How to Make Compost using School Work
Step 1: Take out the special school work that you want to keep forever. This might be what is already in your child’s portfolio. If your child has done a few other nice pieces of work add them in. That is all you need to remember the year by. One portfolio per year per child.
Step 2: If your child made Christmas decorations at school, hang them on your Christmas tree. That means, remove the fancy star from Myer and replace with the toilet roll angel that was made with love! Refrain from telling your child how to put the decorations on! Let them enjoy it and praise their effort!
Step 3: Display some of your child’s special work, including certificates and letters to Santa. We’re living in a granny flat with temporary chipboard walls while we build our house, so I just hammered some nails in to the walls, tied some string across and have pegged things on. Each child has their own string for their work. Also hang the Christmas cards.
Step 4: Chop up all the other paper/card. You could use scissors or rip it up but it’s much quicker with a guillotine.

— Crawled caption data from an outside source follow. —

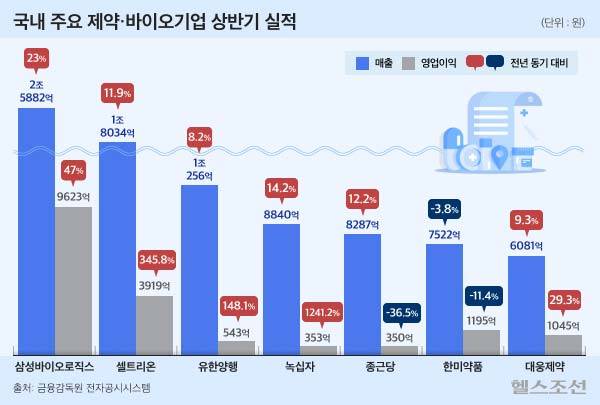 그래픽 = 김민선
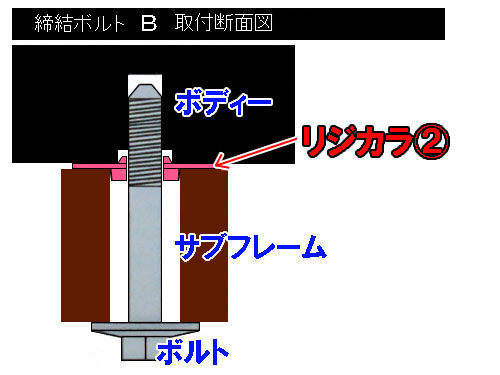 リジカラ装着！★ＢＭ２ＦＳ　アクセラ★なんと、なんと・・・_d0156040_1916173.jpg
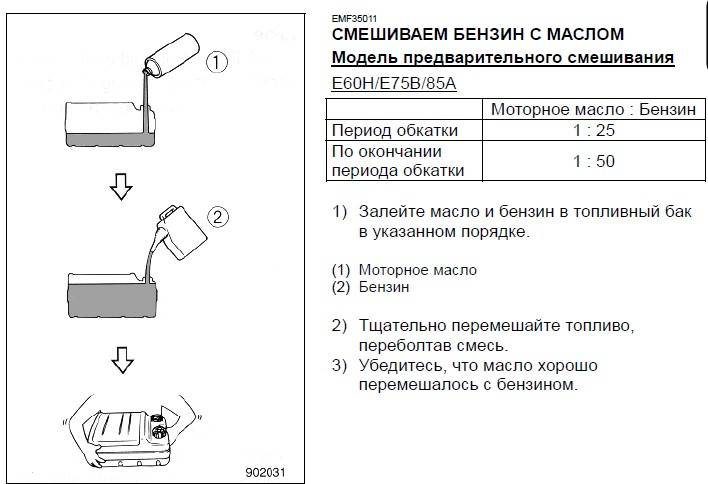 Пропорция масла и бензина для двухтактных двигателей: инструкция для «чайников»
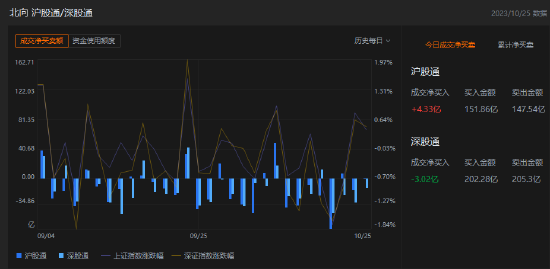 午评：北向资金买入1.31亿元，沪股通净买入4.33亿元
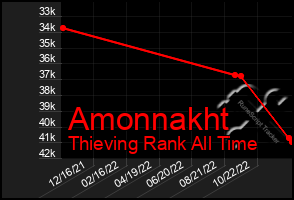 Total Graph of Amonnakht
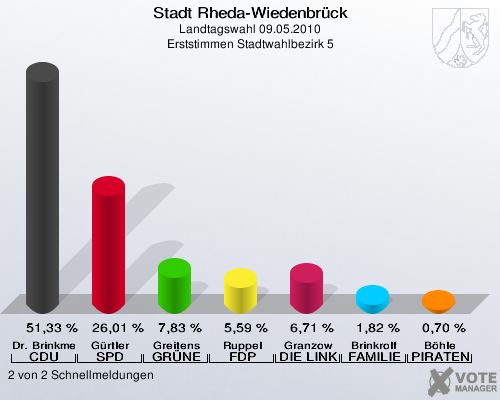 Stadt Rheda-Wiedenbrück, Landtagswahl 09.05.2010, Erststimmen Stadtwahlbezirk 5: Dr. Brinkmeier CDU: 51,33 %. Gürtler SPD: 26,01 %. Greitens GRÜNE: 7,83 %. Ruppel FDP: 5,59 %. Granzow DIE LINKE: 6,71 %. Brinkrolf FAMILIE: 1,82 %. Böhle PIRATEN: 0,70 %. 2 von 2 Schnellmeldungen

Step 5: One of my life goals is to have green thumbs! I’m working on it by creating compost. I’ve read books and been to courses on how to make compost and it always seemed really complicated. So I’ve just simplified it. My daughter Ash and hubby built ‘compost bays’ using bricks but all you really need is a sunny spot for a pile! This is my weekly composting ritual:
- I save all of my fruit and veg scraps in containers in the fridge. If I have time, I blitz them in my Thermomix and add to my compost pile. My amazing green thumbed friend Cheryl told me to do this as it speeds up the process. By the way I put all fruit and veg scraps in including citrus and I also put in unblitzed avocado and mango seeds.
-While I’m at it I add an equal amount of shredded paper/card to the compost. Usually newspapers, or egg cartons. When I first started the compost pile I added a huge pile of school work!

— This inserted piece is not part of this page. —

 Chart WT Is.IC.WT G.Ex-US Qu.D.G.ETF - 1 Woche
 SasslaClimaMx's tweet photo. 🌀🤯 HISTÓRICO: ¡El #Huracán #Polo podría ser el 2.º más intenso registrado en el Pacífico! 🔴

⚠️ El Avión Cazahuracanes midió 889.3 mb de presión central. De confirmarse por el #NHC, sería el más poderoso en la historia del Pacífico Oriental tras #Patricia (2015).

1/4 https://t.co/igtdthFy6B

-I wet the pile with a hose and mix it up with a shovel.
-I cover the pile in a plastic sheet to keep keep it moist and hot and put bricks/rocks round the edge to stop it blowing away.
-I occasionally see bags of free manure on the side of the road I add that in too.

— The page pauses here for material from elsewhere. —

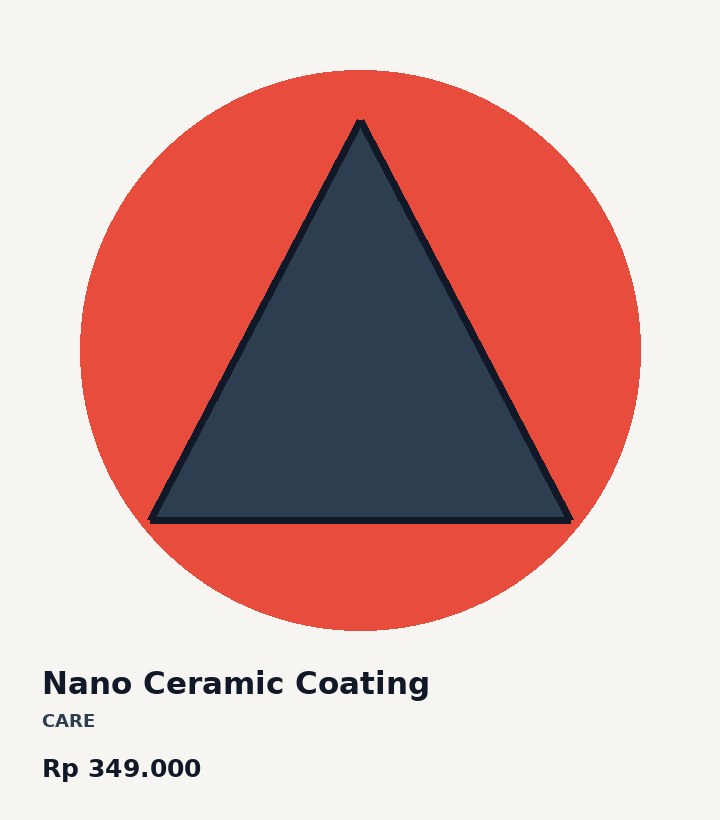 Nano Ceramic Coating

-I've noticed that as long as I get the paper/scraps ratio 50/50 that the pile doesn't smell bad!
That’s it! So this is all I had been doing for a few months. Then recently as the weather warmed up, heaps of pumpkin plants sprouted up! I didn’t even mean for that to happen! I stopped covering the pile in the plastic and stopped mixing it up with a shovel. Now I have a pumpkin patch! The kids are so excited about it and water the pumpkins every day! We’ve now started another compost pile in the next ‘compost bay’.
We all win! The paper mountain disappears, the kids get to keep and display their best work, and we get free pumpkins! What more could you want in life? ;) My kids also love roasted vegetable soup in the winter so those pumpkins will come in handy! Do you have a paper mountain at home? Have you ever tried making compost with it?!